- _EXERCISE AIM_: Reproduce every line of the material below exactly. No pictures belong in the copy.

- _DATA EXTRACT_:
= = =

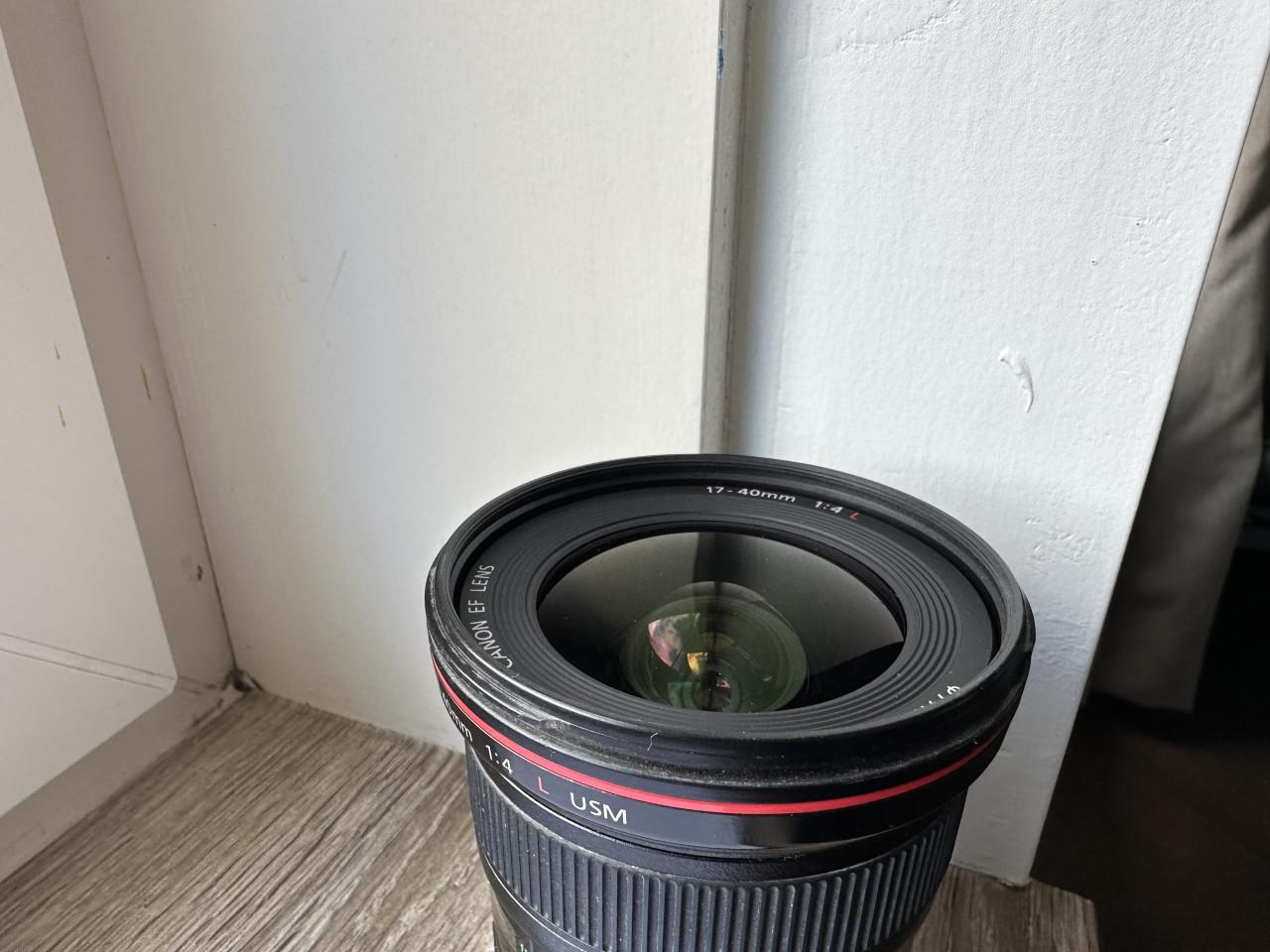 Canon EF 17-400mm F/4 L USM met zonnekap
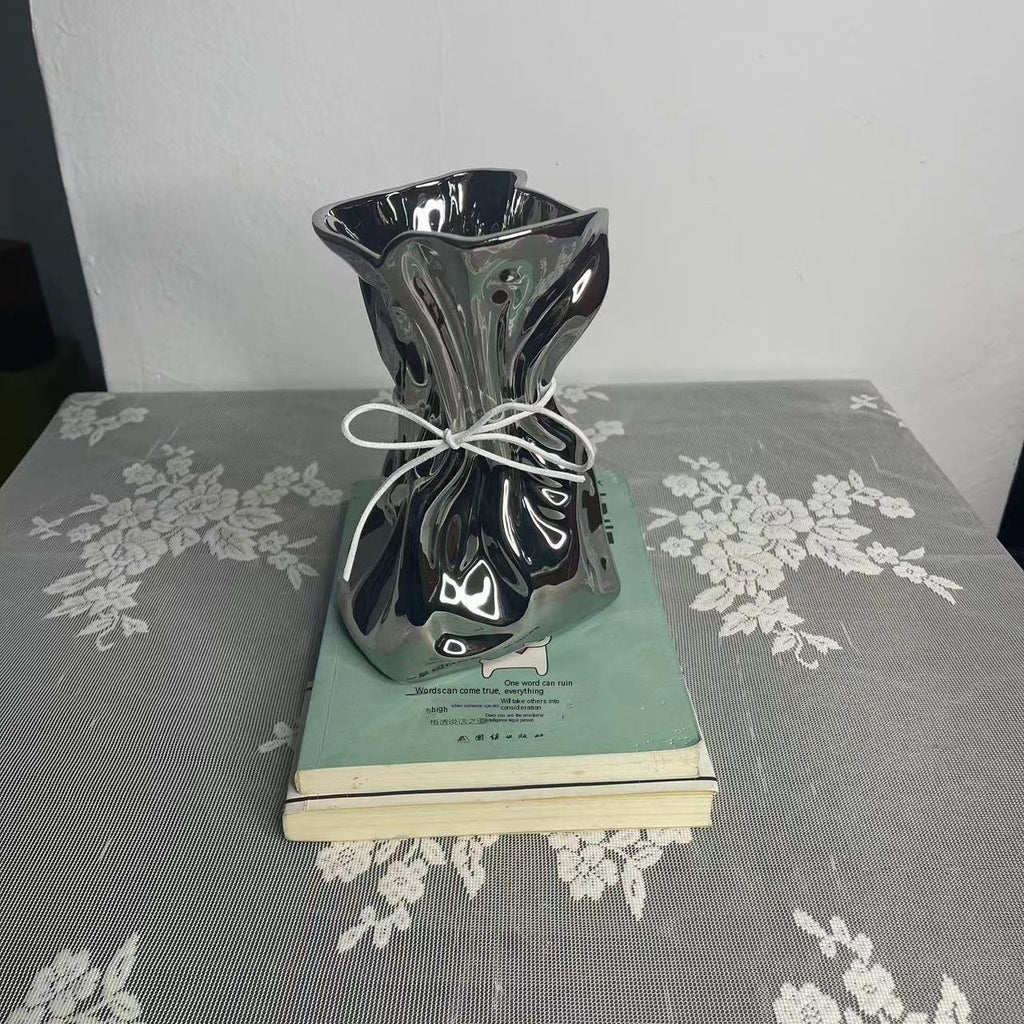 Simple Nordic Style Ceramic Vase - Minimalist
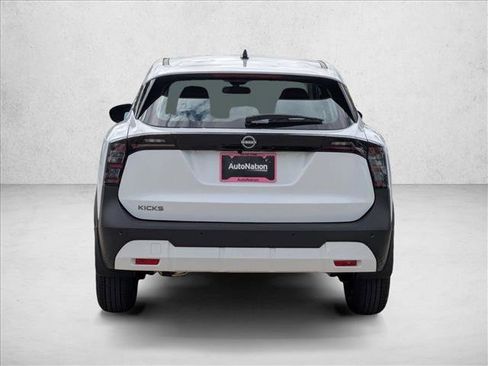 New 2026 Nissan Kicks S image 7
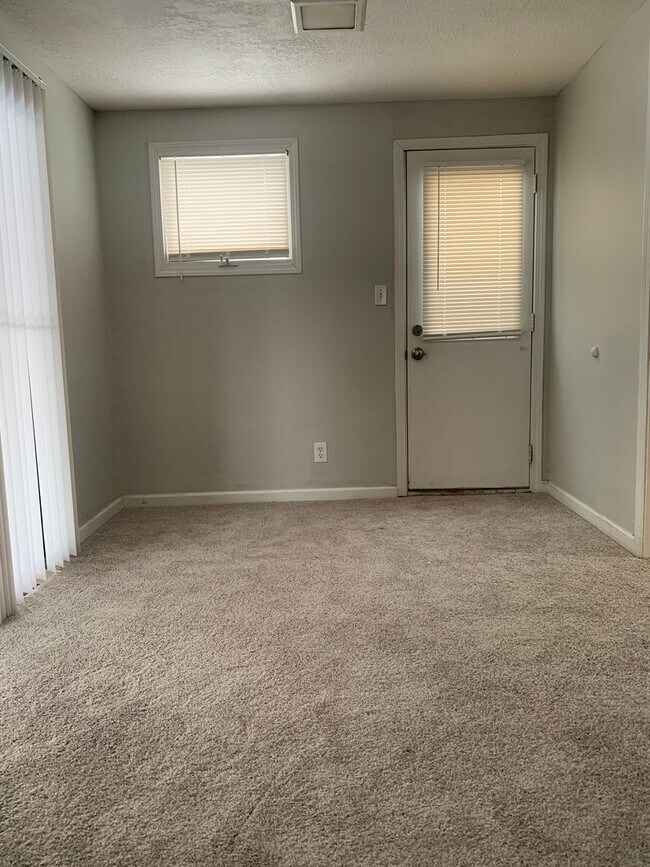 Building Photo - Your Next Home Awaits: 4BR/2BA in Desirable Prairie Village Location!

= = =

- _ANSWER SPACE_:
 Canon EF 17-400mm F/4 L USM met zonnekap
 Simple Nordic Style Ceramic Vase - Minimalist
 New 2026 Nissan Kicks S image 7
 Building Photo - Your Next Home Awaits: 4BR/2BA in Desirable Prairie Village Location!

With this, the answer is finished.